HSBC, Bank of Nova Scotia, Barclays, Credit Suisse, Deutsche Bank, Goldman Sachs, JPMorgan Chase, Société Générale, Standard Bank et UBS font épisodiquement l’objet d’enquêtes sur leurs pratiques autour de l’or.

Et l’or du peuple dans tout ça ?

Les ambitions affichées par la finance parisienne oublient une chose. Si la France l’a finalement emporté pour héberger l’European Banking Authority – l’instance de régulation bancaire – Francfort est le siège de la Banque centrale européenne. Barclays, Lloyds Banking Group, Citigroup, Morgan Stanley, Credit Suisse, UBS, Nomura and Standard Chartered Bank ont déjà déménagé leurs équipes à Francfort.

D’ailleurs, pour nous, citoyens ordinaires, il vaudrait mieux que notre or national ne soit pas engagé dans de fumeuses opérations internationales de swap. Car avec le délabrement de nos finances publiques, l’or sera peut-être le seul « actif » concret et liquide qui restera à notre pays surendetté.
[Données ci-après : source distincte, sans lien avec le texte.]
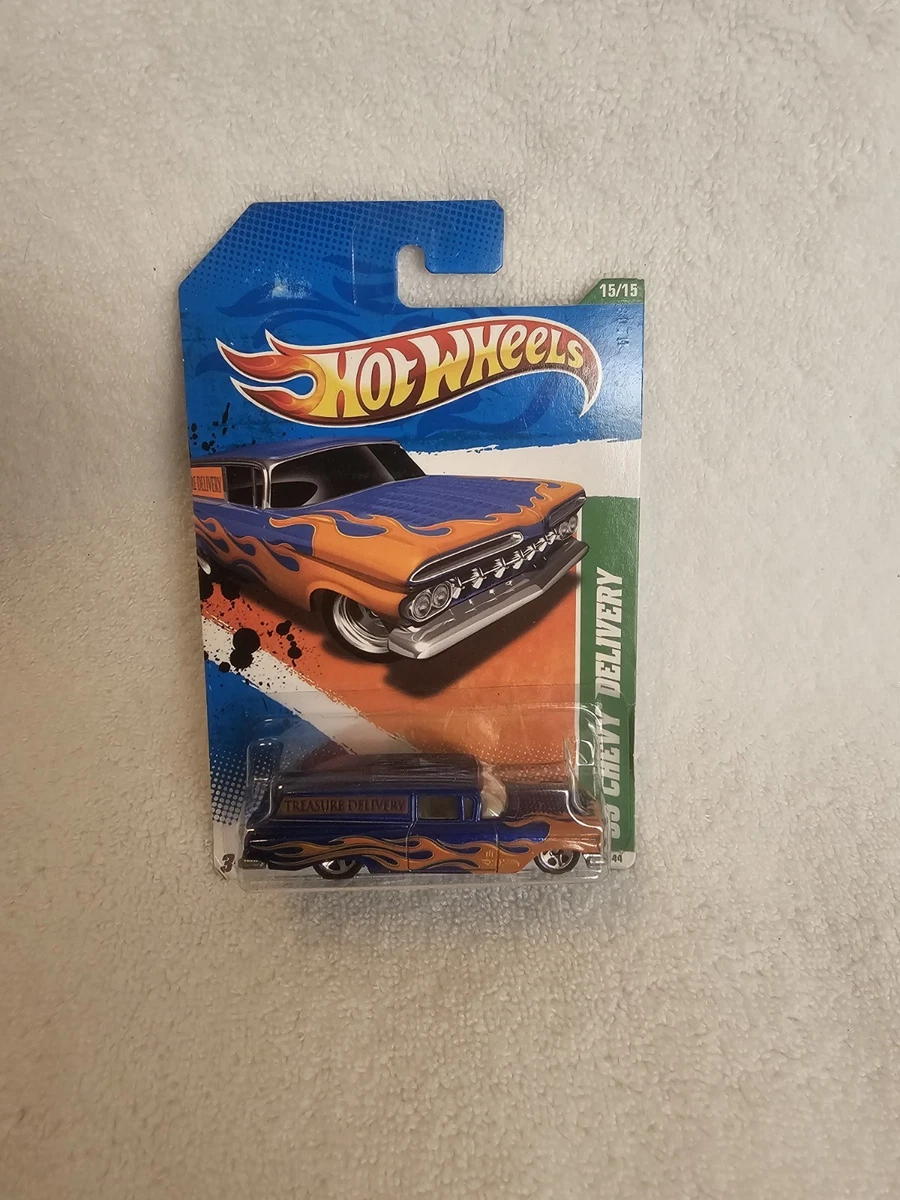 Hot Wheels Treasure Hunt Diecast Delivery Trucks for sale | eBay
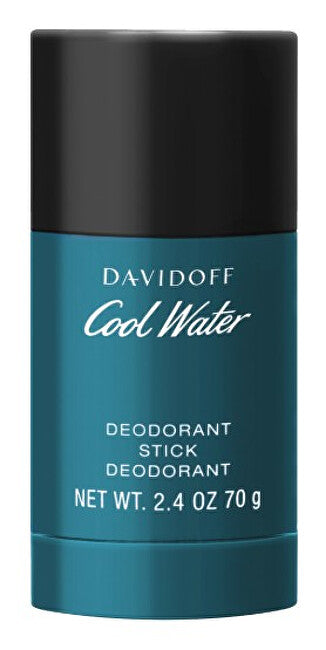 Cool Water Man - tuhý deodorant bez alkoholu - Volume: 75 ml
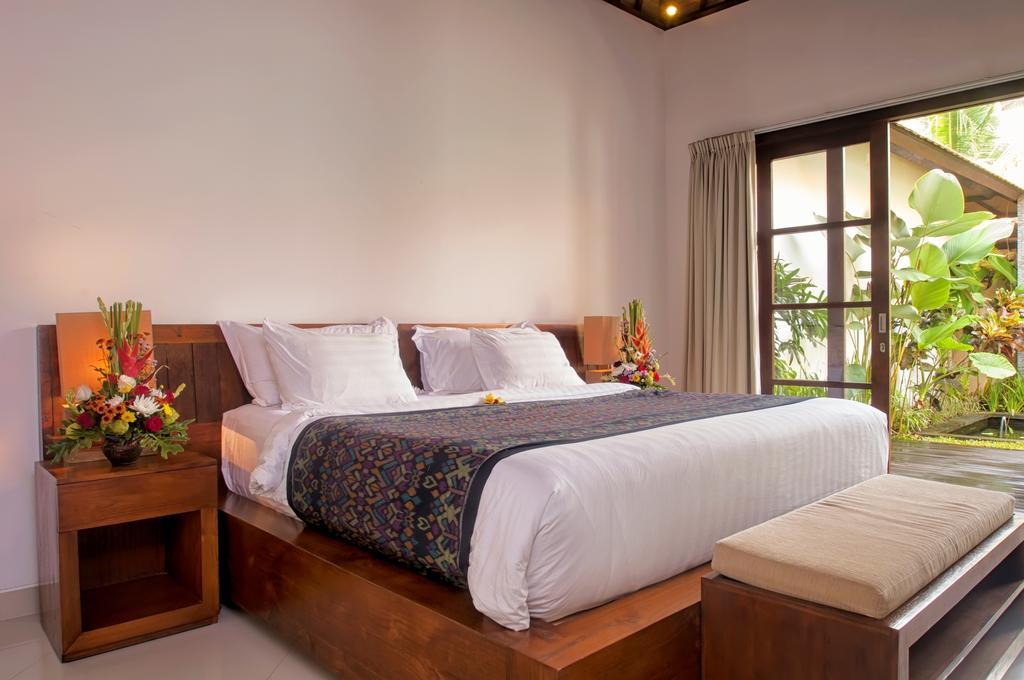 Bayad Ubud Bali Villa Szoba fotó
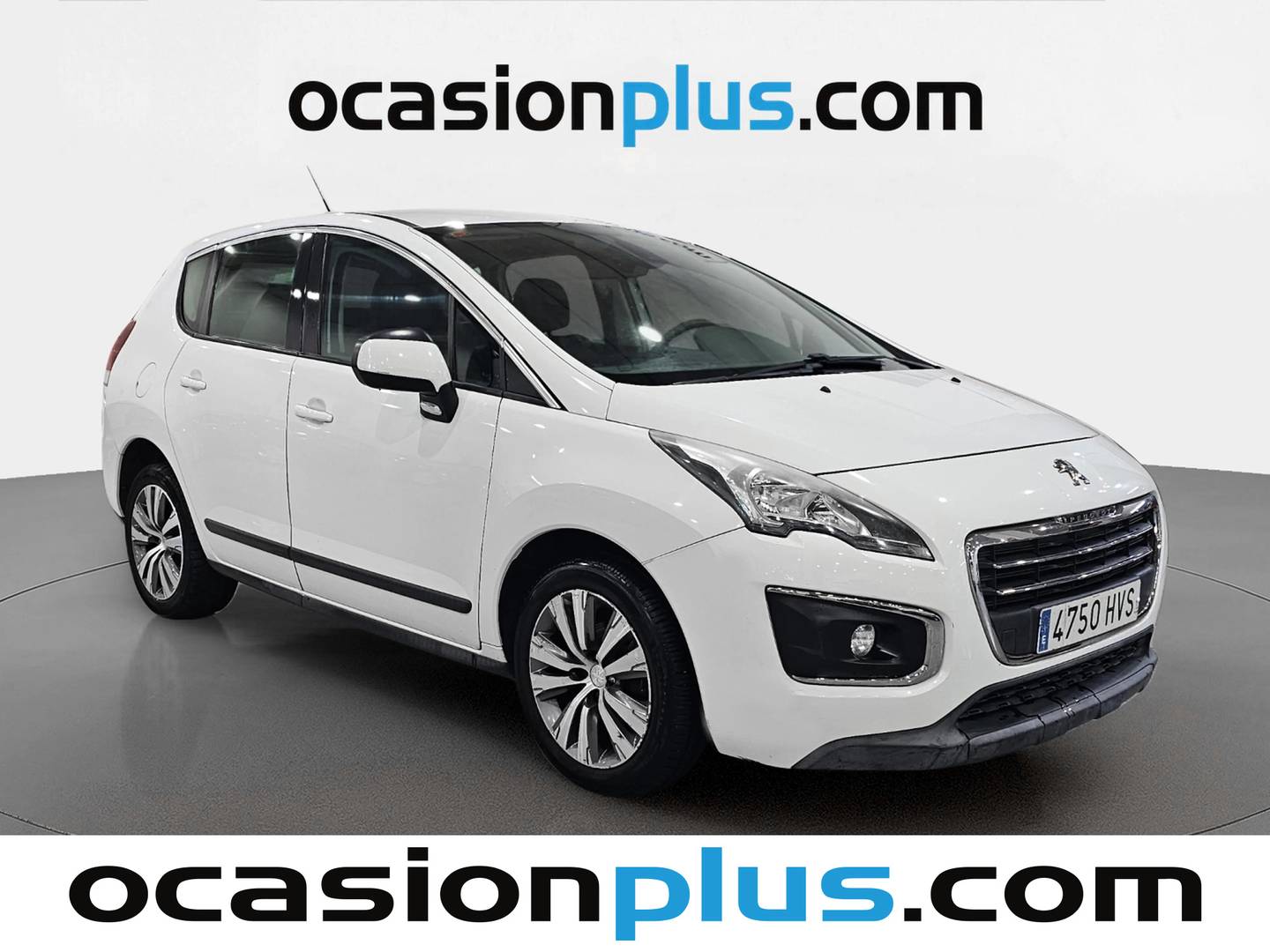 Foto delantera Peugeot 3008 Peugeot 3008 1.6 HDI Active FAP (115 CV) derecha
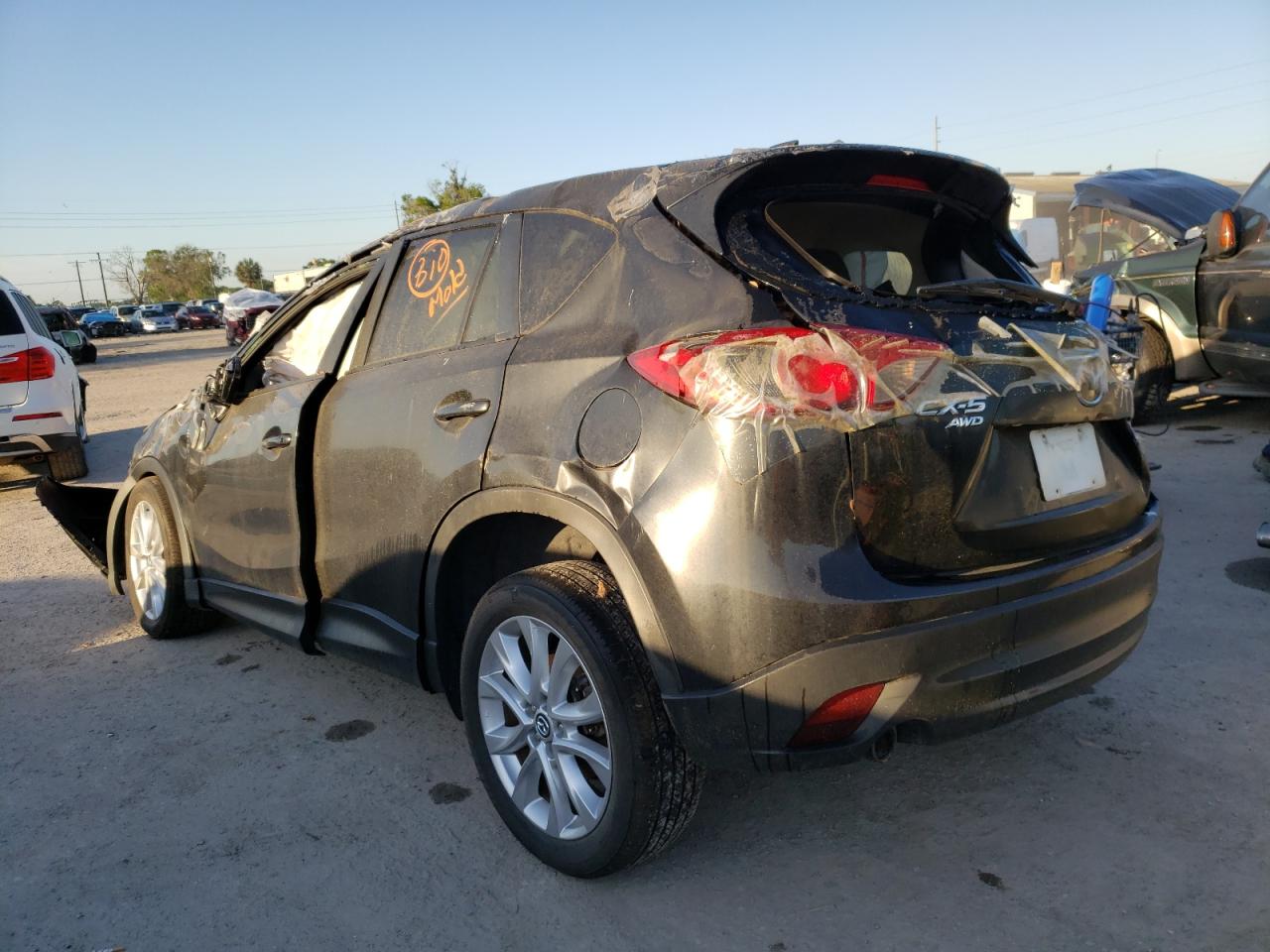 Photo 3 from auction – 2015 MAZDA CX-5 GT with VIN JM3KE4DY7F0532685
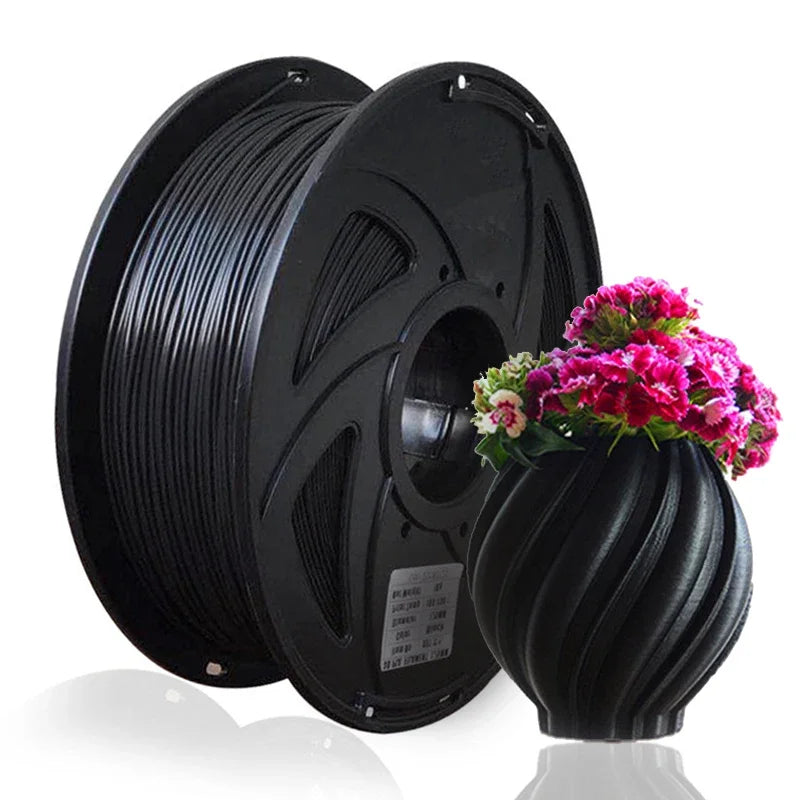 250g 1.75mm 3D Printer Filament PLA Purple Green Red Black Blue Grey wire Vacuum Packaging For 3D Printing Fliament Supplies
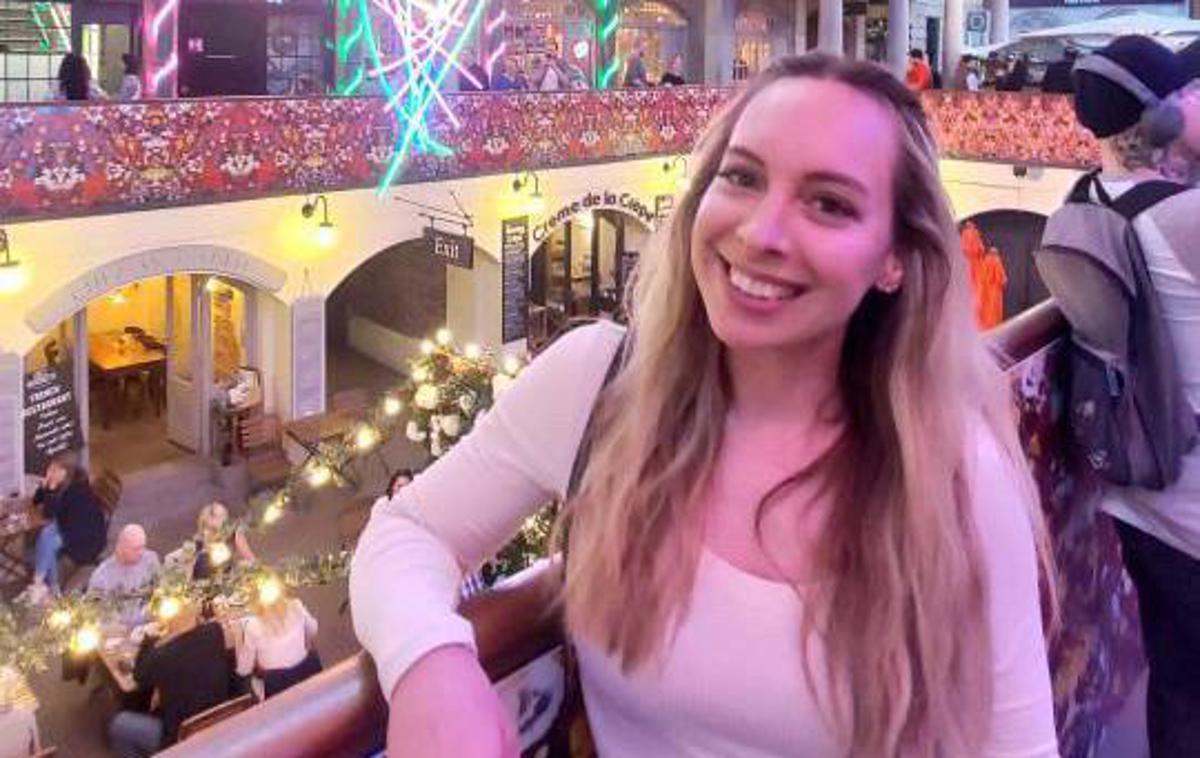 Ina Parkelj prek meja | Gostja Prek meja je 36-letna Ina Parkelj. | Foto Osebni arhiv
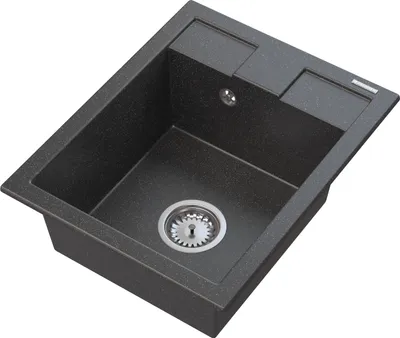 Produktbild von Granitan | Granitspüle - Einbau - Schwarz - Einzigartiges Design - Langlebig und funktional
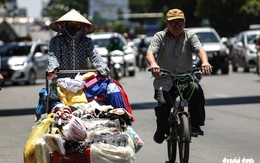 Bắc và Trung Bộ đón đợt nắng nóng gay gắt, có nơi lên tới 41 độ C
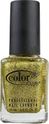 Color Club Nail Polish, Gold Glitter 780 Color Club Nail Polish, Gold Glitter 780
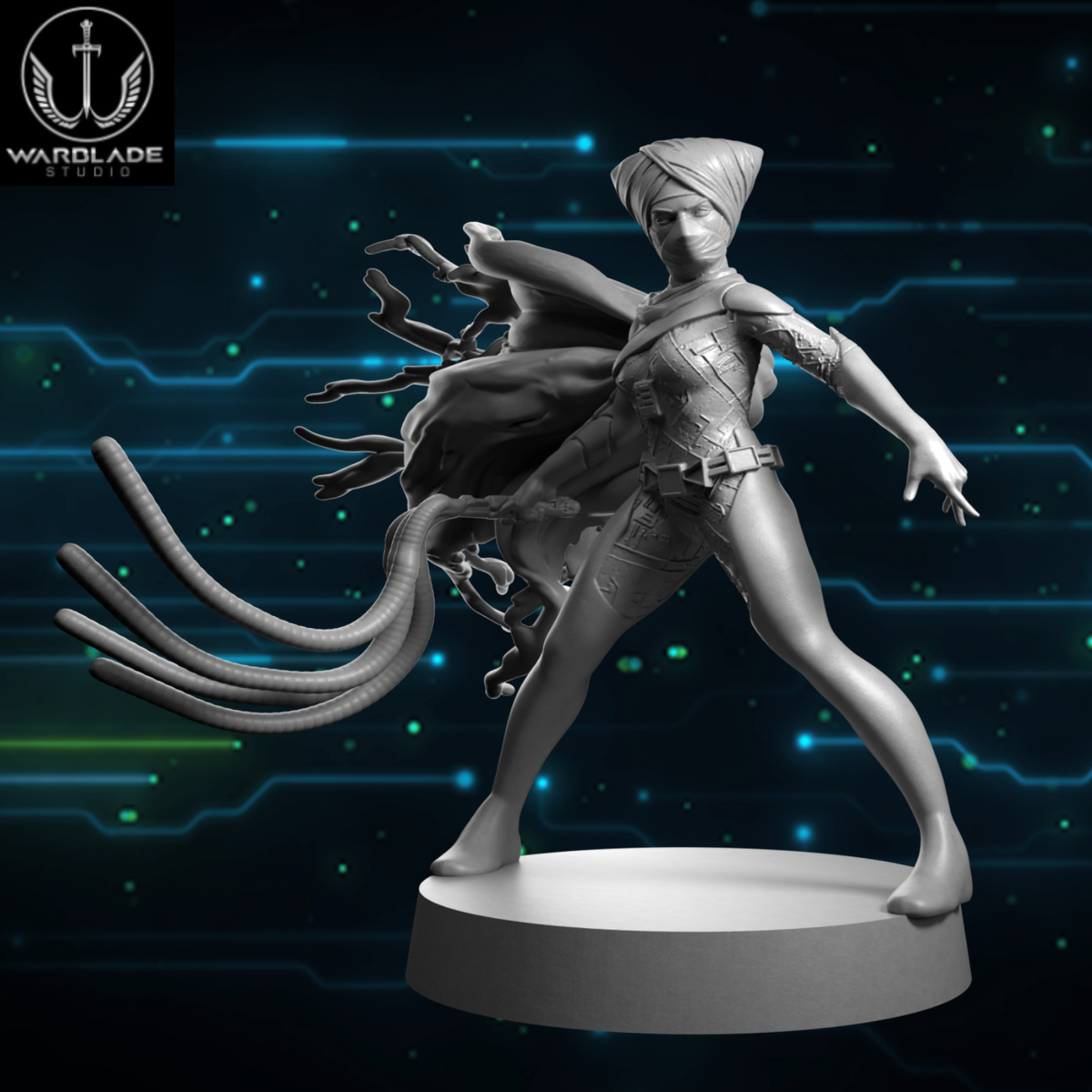 Lumiya - Fan Art (Sculpted by Warblade Studios)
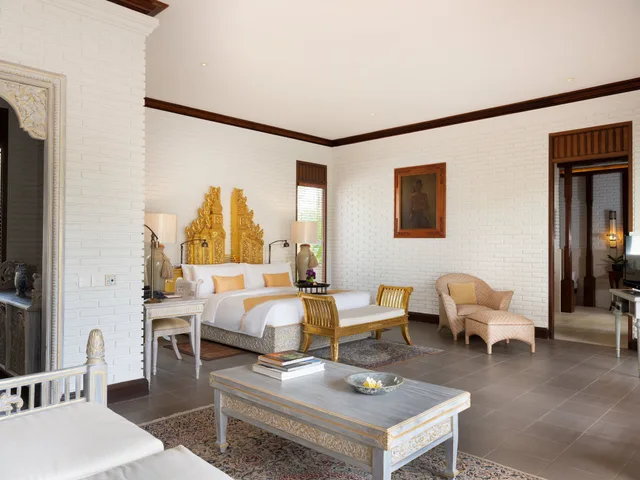 فيلا بسرير كينج وسريرين منفصلين، Tanah Gajah, a Resort by Hadiprana 2/2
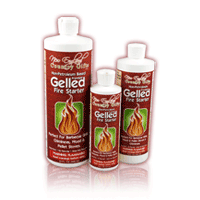 Gelled Fire Starter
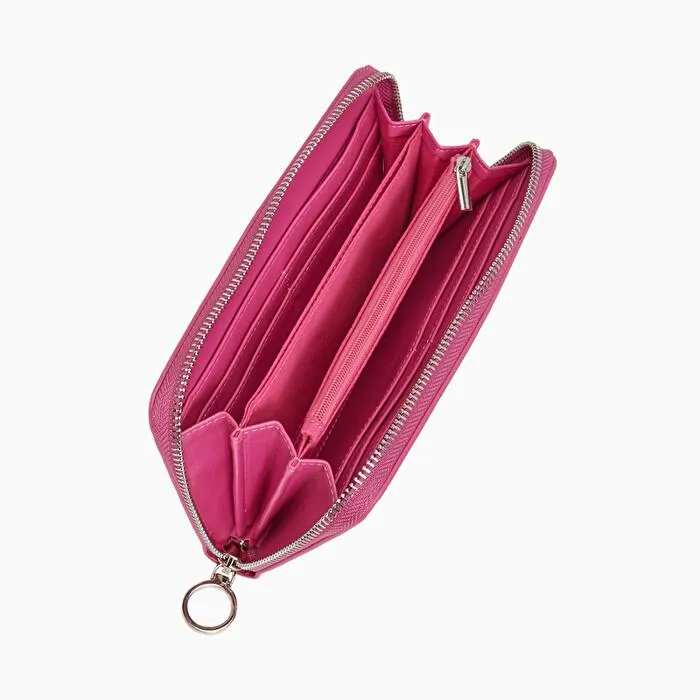 Cartera O wally zurigo rosa fucsia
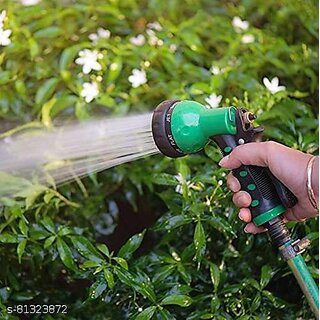 7 Mode (Pattern) High Pressure Garden Hose Nozzle Water Spray Gun 7 Mode (Pattern) High Pressure Garden Hose Nozzle Water Spray Gun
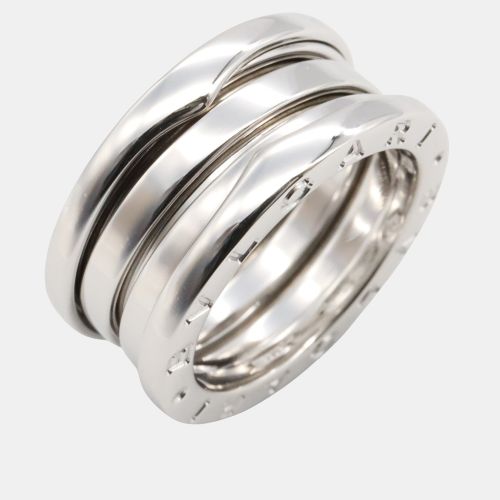 Bvlgari 18K White Gold B-Zero1 Ring EU 50 - Bvlgari - Modalova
Finalement, s’il existe encore un marché international de l’or c’est bien parce que les belles promesses de payer – même à l’échelle des gouvernements ou des très grosses entités internationales – ne suffisent pas toujours. L’or reste un actif financier.

Lorsqu’il faudra admettre que les dettes ne pourront pas être payées car elles excèdent les capacités financières des contribuables, que restera-t-il ? L’or. C’est à ce moment que son prix s’enflammera.


 Quant à nous, citoyens ordinaires, notre épargne sera dissoute dans ce processus de faillite collective. Regardez ce qui se passe en ce moment en Italie : le gouvernement veut forcer les citoyens à acheter la dette italienne si les marchés n’en veulent plus. Des épargnants sont donc contraints d’acquérir de la dette qui ne sera jamais remboursée.

Comme le dit très justement Damien Theillier :

« Depuis que l’or et l’argent ne sont plus des monnaies et que leur détention par quiconque est devenue prohibitive, la monnaie est devenue la propriété de ses dirigeants.

 Vous ne pouvez pas vraiment posséder un bien comme la monnaie si quelqu’un d’autre peut en diluer la valeur par l’inflation c’est-à-dire par la création monétaire. »

Vous pouvez quand même détenir de l’or en épargne de précaution. Car malgré toutes les réglementations et taxations dissuasives, il existe une forme d’or accessible au particulier, facilement négociable et bénéficiant d’une fiscalité douce. Il s’agit de certaines pièces ayant « cours légal », et qui sont encore considérées par les autorités comme une monnaie, une devise.